つまり、元夫の主張に妥当性があるということです。
養育費の減額に応じる必要があるとしても、必ずしも元夫が主張している金額に応じる必要はありません
つまり、養育費の金額が妥当かどうかということです。
このことは非常に重要です。
冷静に話し合う必要があるでしょう。
少し話が変わるかもしれませんが…
離婚後の事情によっては養育費を増額することもできます
上記の養育費を決める要素の中で、離婚後に養育費を増額できる要素として、わかりやすいケースは…
- 元夫の年収が大幅に上がった
- 子供を育てている母親の年収が変わっていない、または下がった
つまり、養育費は増額もできるということです。
もっと言えば、養育費を増額すべきなのに増額していなかった可能性もあるということです
このことも重要です。
養育費の金額は増額も減額もできますが、実際には一度決まった金額を変えるのには抵抗があるのも事実です
だから、養育費の減額に応じたくないことは当然です。
あなたが間違っているわけではありません。
養育費を上げて欲しいと言っても、元夫は応じてくれなかったかもしれません。
そもそも、そういうものだと思います。
元夫が再婚して養育費を減額して欲しいと言ってきた場合に元夫に伝えること
元々の養育費の金額が相場の金額よりもかなり低い金額だったけど、その金額で納得してきた
離婚時に養育費を決める際には、どうしても養育費の金額は低くなりがちです。(もちろん、逆もありますが…)
養育費算定表の養育費の相場を参考にすれば、もっと多くの養育費を受け取れていた可能性が高い場合にはこのことを主張することもひとつの方法です。

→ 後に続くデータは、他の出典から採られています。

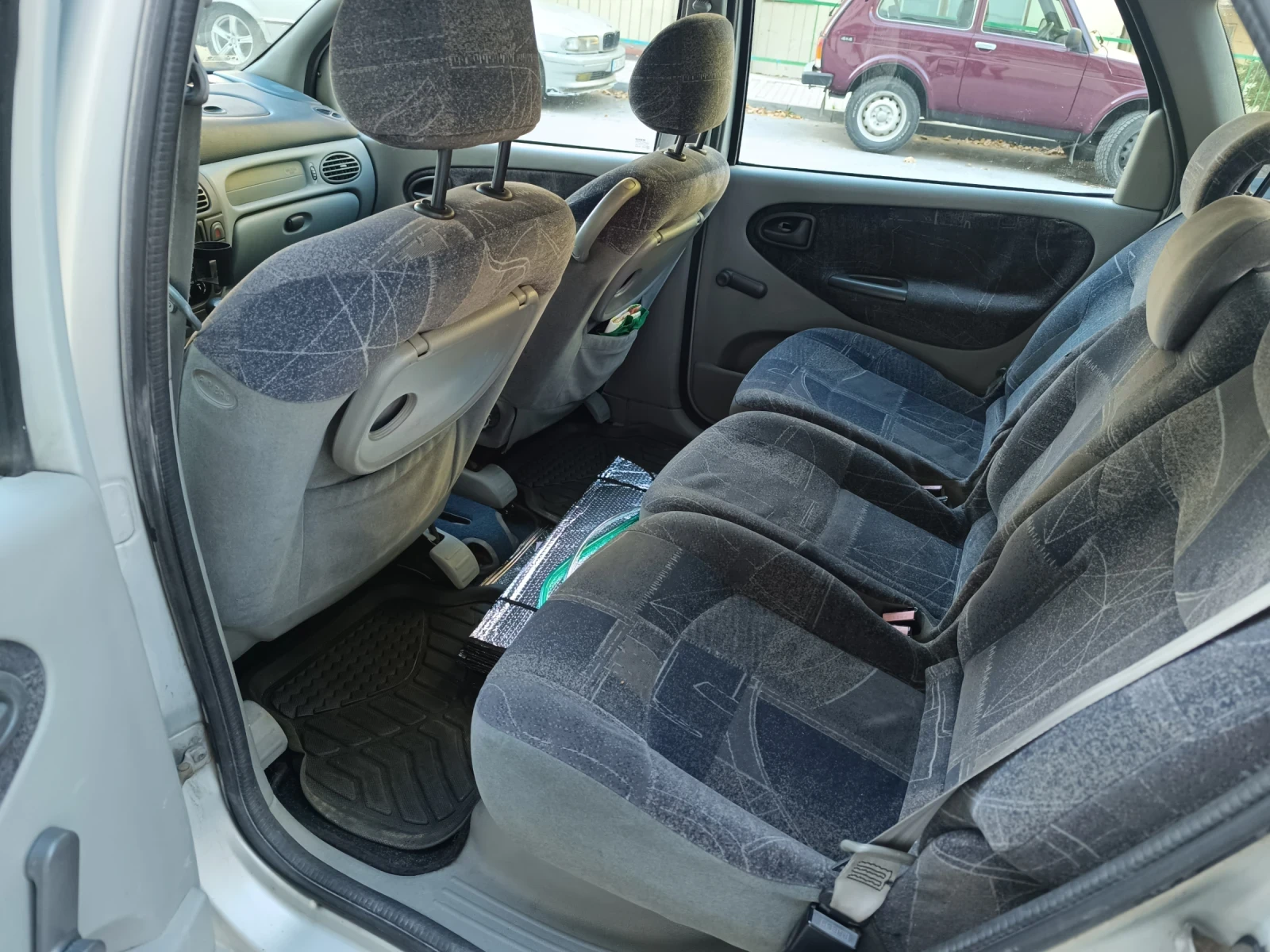 Renault Scenic | Mobile.bg   7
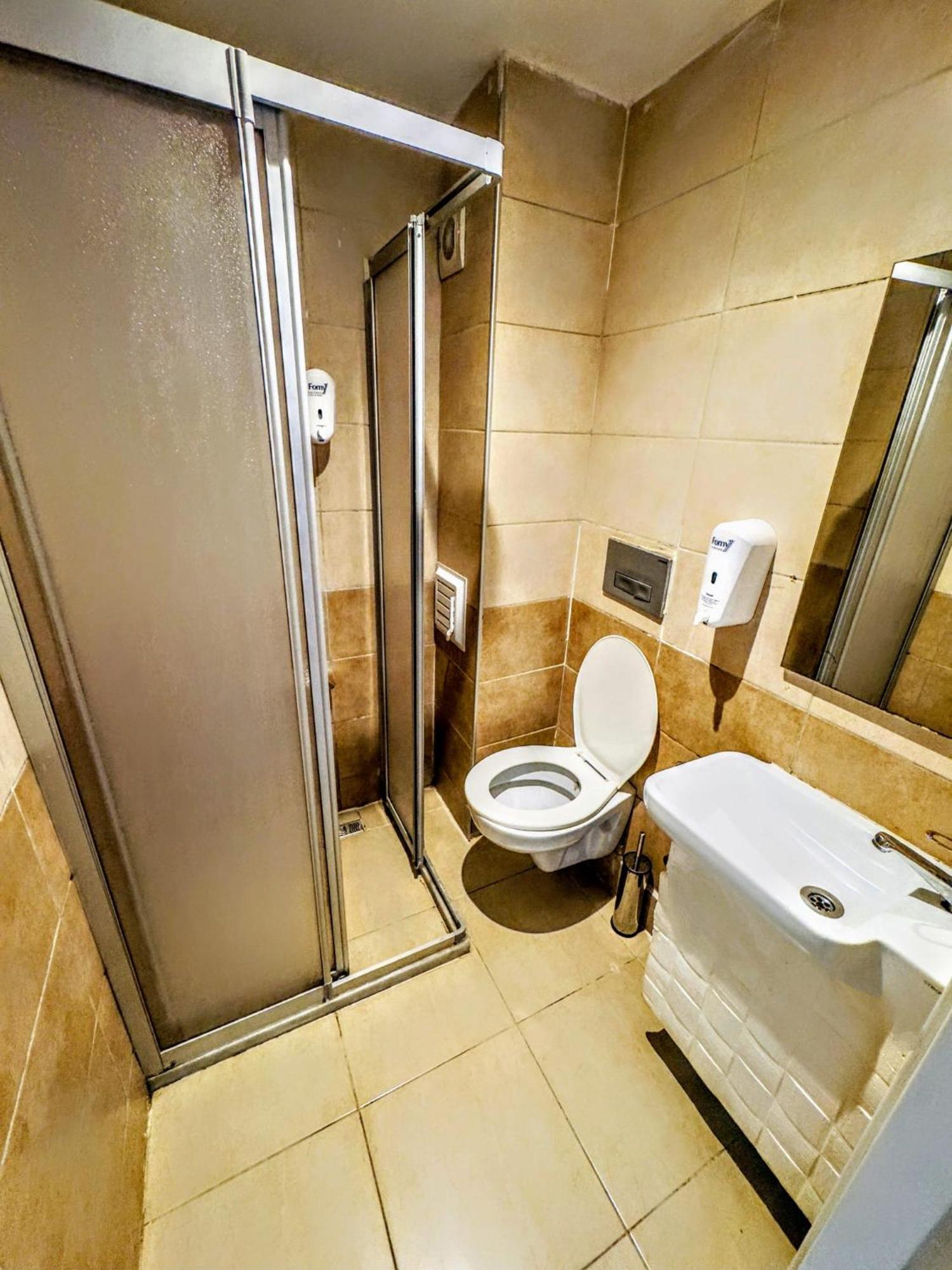 Imza Hotel Suite Истанбул Екстериор снимка
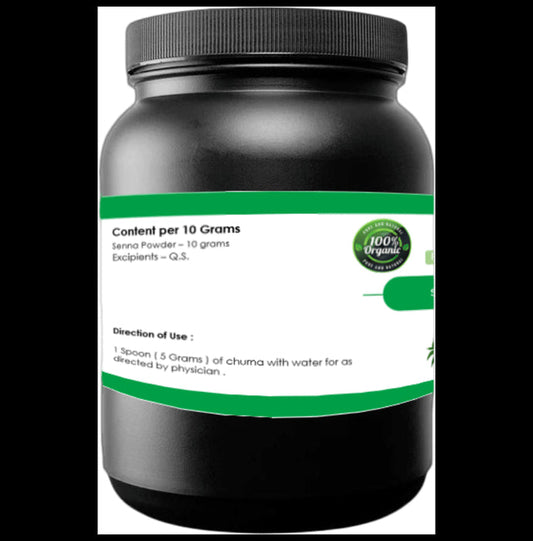 1ratti Senna Powder - Classic Derma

養育費の相場(養育費算定表)について詳しくはこちらをご覧ください
養育費算定表の養育費の相場よりも明らかに低い金額の養育費だった場合には、あなたの主張に妥当性がありますので、「元々、養育費の金額が低いのに、この金額をさらに下げるのは難しいと思わない?」と伝えていただければいいと思います。
ただ、それでも養育費の金額を少しは減額しなければいけなくなる可能性があることはあるでしょうから、減額幅を小さくすることを念頭に置いて対応していただくといいでしょう。
離婚時と比べて、年収が上がってるよね?
養育費の金額を決める要素の中に、お互いの年収ということがあります。
特に元夫が大手企業などで働いている場合には、比較的、年収が上がりやすいと思われますので、年収のことを主張できる場合には主張していただいていいと思います。
ただ、あなた自身の年収も離婚時と比べて上がっている場合には、元夫もそのことを主張してくる可能性がありますので、その点は注意が必要だと言えるでしょう。
子供の年齢が上がって部活や塾の費用が多くかかっている
子供が中学校や高校に入れば部活や塾の費用が多くかかるようになりますので、母親の年収が少しくらい上がったとしてもあまり余裕がないということも多いでしょう。
それどころか、大学進学など将来のことを考えると養育費の減額に応じるとしても大幅な減額に応じるのは難しいというのが本当のところだと思います。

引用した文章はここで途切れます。